About this task — An exact copy of all the entries is what is needed here.
_ _ _ _ _
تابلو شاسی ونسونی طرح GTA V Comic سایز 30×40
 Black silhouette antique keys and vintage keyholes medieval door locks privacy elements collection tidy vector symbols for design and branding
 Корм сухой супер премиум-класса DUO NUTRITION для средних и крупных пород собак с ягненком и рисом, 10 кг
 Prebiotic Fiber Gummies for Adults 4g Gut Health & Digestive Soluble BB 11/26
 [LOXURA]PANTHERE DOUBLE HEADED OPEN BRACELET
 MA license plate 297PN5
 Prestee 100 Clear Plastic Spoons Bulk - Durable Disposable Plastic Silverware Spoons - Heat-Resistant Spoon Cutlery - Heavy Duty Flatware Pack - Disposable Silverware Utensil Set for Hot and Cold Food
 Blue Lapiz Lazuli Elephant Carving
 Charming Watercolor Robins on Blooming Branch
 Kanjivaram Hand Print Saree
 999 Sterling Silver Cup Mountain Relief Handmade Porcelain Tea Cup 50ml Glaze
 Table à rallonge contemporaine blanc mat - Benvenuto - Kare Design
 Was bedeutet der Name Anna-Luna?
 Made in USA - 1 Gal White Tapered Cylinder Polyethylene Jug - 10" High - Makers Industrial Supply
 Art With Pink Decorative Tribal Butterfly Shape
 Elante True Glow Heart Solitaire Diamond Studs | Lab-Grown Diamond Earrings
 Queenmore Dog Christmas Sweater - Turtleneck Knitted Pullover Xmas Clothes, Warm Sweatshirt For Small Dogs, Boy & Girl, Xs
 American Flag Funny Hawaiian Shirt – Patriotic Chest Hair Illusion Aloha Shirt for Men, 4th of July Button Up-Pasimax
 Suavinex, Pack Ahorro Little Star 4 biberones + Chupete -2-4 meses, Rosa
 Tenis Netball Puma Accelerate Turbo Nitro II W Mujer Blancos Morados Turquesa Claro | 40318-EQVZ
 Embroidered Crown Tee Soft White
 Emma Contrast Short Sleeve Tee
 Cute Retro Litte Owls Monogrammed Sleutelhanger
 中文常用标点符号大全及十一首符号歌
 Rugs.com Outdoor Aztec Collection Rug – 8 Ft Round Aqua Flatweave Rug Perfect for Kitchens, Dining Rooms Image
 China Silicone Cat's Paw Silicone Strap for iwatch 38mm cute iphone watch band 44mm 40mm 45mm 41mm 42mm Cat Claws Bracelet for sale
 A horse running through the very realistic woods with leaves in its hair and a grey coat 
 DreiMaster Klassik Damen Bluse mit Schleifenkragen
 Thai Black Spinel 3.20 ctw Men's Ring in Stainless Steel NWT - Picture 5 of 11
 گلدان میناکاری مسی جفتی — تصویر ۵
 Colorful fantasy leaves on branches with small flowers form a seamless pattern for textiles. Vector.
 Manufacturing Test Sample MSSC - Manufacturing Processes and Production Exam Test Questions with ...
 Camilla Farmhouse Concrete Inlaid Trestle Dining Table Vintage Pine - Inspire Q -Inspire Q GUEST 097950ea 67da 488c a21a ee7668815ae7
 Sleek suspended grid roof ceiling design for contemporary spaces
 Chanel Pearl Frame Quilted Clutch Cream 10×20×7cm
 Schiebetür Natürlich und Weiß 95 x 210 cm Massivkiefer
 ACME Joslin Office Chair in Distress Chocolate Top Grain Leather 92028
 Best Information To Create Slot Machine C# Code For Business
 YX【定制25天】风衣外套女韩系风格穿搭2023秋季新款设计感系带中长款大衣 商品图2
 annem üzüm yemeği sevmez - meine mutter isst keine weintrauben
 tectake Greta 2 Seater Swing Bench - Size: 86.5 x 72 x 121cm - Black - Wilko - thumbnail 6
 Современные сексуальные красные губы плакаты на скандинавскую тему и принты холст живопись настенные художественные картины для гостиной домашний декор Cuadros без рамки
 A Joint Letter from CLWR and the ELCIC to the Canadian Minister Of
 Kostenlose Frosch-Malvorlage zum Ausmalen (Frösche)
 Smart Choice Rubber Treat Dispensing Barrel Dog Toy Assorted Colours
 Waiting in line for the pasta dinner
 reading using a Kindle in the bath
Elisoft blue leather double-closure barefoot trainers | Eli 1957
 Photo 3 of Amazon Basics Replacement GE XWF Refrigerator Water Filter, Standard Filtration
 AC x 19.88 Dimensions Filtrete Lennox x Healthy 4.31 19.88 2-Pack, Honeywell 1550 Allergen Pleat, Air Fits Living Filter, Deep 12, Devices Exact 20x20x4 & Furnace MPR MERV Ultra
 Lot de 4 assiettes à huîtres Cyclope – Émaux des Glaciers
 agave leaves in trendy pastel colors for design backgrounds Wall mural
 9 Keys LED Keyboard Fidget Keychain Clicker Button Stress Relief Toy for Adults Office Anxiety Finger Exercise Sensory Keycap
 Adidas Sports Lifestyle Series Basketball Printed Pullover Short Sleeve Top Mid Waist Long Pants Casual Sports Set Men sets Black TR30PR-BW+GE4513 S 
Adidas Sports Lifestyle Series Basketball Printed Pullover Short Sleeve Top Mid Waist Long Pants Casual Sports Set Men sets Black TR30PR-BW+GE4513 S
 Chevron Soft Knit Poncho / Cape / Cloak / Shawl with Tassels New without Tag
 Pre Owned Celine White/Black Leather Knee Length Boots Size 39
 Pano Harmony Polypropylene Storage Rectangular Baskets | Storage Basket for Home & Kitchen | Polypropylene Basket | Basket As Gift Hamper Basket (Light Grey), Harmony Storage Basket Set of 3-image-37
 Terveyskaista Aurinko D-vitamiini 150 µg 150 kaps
_ _ _ _ _
Your solution —
تابلو شاسی ونسونی طرح GTA V Comic سایز 30×40
 Black silhouette antique keys and vintage keyholes medieval door locks privacy elements collection tidy vector symbols for design and branding
 Корм сухой супер премиум-класса DUO NUTRITION для средних и крупных пород собак с ягненком и рисом, 10 кг
 Prebiotic Fiber Gummies for Adults 4g Gut Health & Digestive Soluble BB 11/26
 [LOXURA]PANTHERE DOUBLE HEADED OPEN BRACELET
 MA license plate 297PN5
 Prestee 100 Clear Plastic Spoons Bulk - Durable Disposable Plastic Silverware Spoons - Heat-Resistant Spoon Cutlery - Heavy Duty Flatware Pack - Disposable Silverware Utensil Set for Hot and Cold Food
 Blue Lapiz Lazuli Elephant Carving
 Charming Watercolor Robins on Blooming Branch
 Kanjivaram Hand Print Saree
 999 Sterling Silver Cup Mountain Relief Handmade Porcelain Tea Cup 50ml Glaze
 Table à rallonge contemporaine blanc mat - Benvenuto - Kare Design
 Was bedeutet der Name Anna-Luna?
 Made in USA - 1 Gal White Tapered Cylinder Polyethylene Jug - 10" High - Makers Industrial Supply
 Art With Pink Decorative Tribal Butterfly Shape
 Elante True Glow Heart Solitaire Diamond Studs | Lab-Grown Diamond Earrings
 Queenmore Dog Christmas Sweater - Turtleneck Knitted Pullover Xmas Clothes, Warm Sweatshirt For Small Dogs, Boy & Girl, Xs
 American Flag Funny Hawaiian Shirt – Patriotic Chest Hair Illusion Aloha Shirt for Men, 4th of July Button Up-Pasimax
 Suavinex, Pack Ahorro Little Star 4 biberones + Chupete -2-4 meses, Rosa
 Tenis Netball Puma Accelerate Turbo Nitro II W Mujer Blancos Morados Turquesa Claro | 40318-EQVZ
 Embroidered Crown Tee Soft White
 Emma Contrast Short Sleeve Tee
 Cute Retro Litte Owls Monogrammed Sleutelhanger
 中文常用标点符号大全及十一首符号歌
 Rugs.com Outdoor Aztec Collection Rug – 8 Ft Round Aqua Flatweave Rug Perfect for Kitchens, Dining Rooms Image
 China Silicone Cat's Paw Silicone Strap for iwatch 38mm cute iphone watch band 44mm 40mm 45mm 41mm 42mm Cat Claws Bracelet for sale
 A horse running through the very realistic woods with leaves in its hair and a grey coat 
 DreiMaster Klassik Damen Bluse mit Schleifenkragen
 Thai Black Spinel 3.20 ctw Men's Ring in Stainless Steel NWT - Picture 5 of 11
 گلدان میناکاری مسی جفتی — تصویر ۵
 Colorful fantasy leaves on branches with small flowers form a seamless pattern for textiles. Vector.
 Manufacturing Test Sample MSSC - Manufacturing Processes and Production Exam Test Questions with ...
 Camilla Farmhouse Concrete Inlaid Trestle Dining Table Vintage Pine - Inspire Q -Inspire Q GUEST 097950ea 67da 488c a21a ee7668815ae7
 Sleek suspended grid roof ceiling design for contemporary spaces
 Chanel Pearl Frame Quilted Clutch Cream 10×20×7cm
 Schiebetür Natürlich und Weiß 95 x 210 cm Massivkiefer
 ACME Joslin Office Chair in Distress Chocolate Top Grain Leather 92028
 Best Information To Create Slot Machine C# Code For Business
 YX【定制25天】风衣外套女韩系风格穿搭2023秋季新款设计感系带中长款大衣 商品图2
 annem üzüm yemeği sevmez - meine mutter isst keine weintrauben
 tectake Greta 2 Seater Swing Bench - Size: 86.5 x 72 x 121cm - Black - Wilko - thumbnail 6
 Современные сексуальные красные губы плакаты на скандинавскую тему и принты холст живопись настенные художественные картины для гостиной домашний декор Cuadros без рамки
 A Joint Letter from CLWR and the ELCIC to the Canadian Minister Of
 Kostenlose Frosch-Malvorlage zum Ausmalen (Frösche)
 Smart Choice Rubber Treat Dispensing Barrel Dog Toy Assorted Colours
 Waiting in line for the pasta dinner
 reading using a Kindle in the bath
Elisoft blue leather double-closure barefoot trainers | Eli 1957
 Photo 3 of Amazon Basics Replacement GE XWF Refrigerator Water Filter, Standard Filtration
 AC x 19.88 Dimensions Filtrete Lennox x Healthy 4.31 19.88 2-Pack, Honeywell 1550 Allergen Pleat, Air Fits Living Filter, Deep 12, Devices Exact 20x20x4 & Furnace MPR MERV Ultra
 Lot de 4 assiettes à huîtres Cyclope – Émaux des Glaciers
 agave leaves in trendy pastel colors for design backgrounds Wall mural
 9 Keys LED Keyboard Fidget Keychain Clicker Button Stress Relief Toy for Adults Office Anxiety Finger Exercise Sensory Keycap
 Adidas Sports Lifestyle Series Basketball Printed Pullover Short Sleeve Top Mid Waist Long Pants Casual Sports Set Men sets Black TR30PR-BW+GE4513 S 
Adidas Sports Lifestyle Series Basketball Printed Pullover Short Sleeve Top Mid Waist Long Pants Casual Sports Set Men sets Black TR30PR-BW+GE4513 S
 Chevron Soft Knit Poncho / Cape / Cloak / Shawl with Tassels New without Tag
 Pre Owned Celine White/Black Leather Knee Length Boots Size 39
 Pano Harmony Polypropylene Storage Rectangular Baskets | Storage Basket for Home & Kitchen | Polypropylene Basket | Basket As Gift Hamper Basket (Light Grey), Harmony Storage Basket Set of 3-image-37
 Terveyskaista Aurinko D-vitamiini 150 µg 150 kaps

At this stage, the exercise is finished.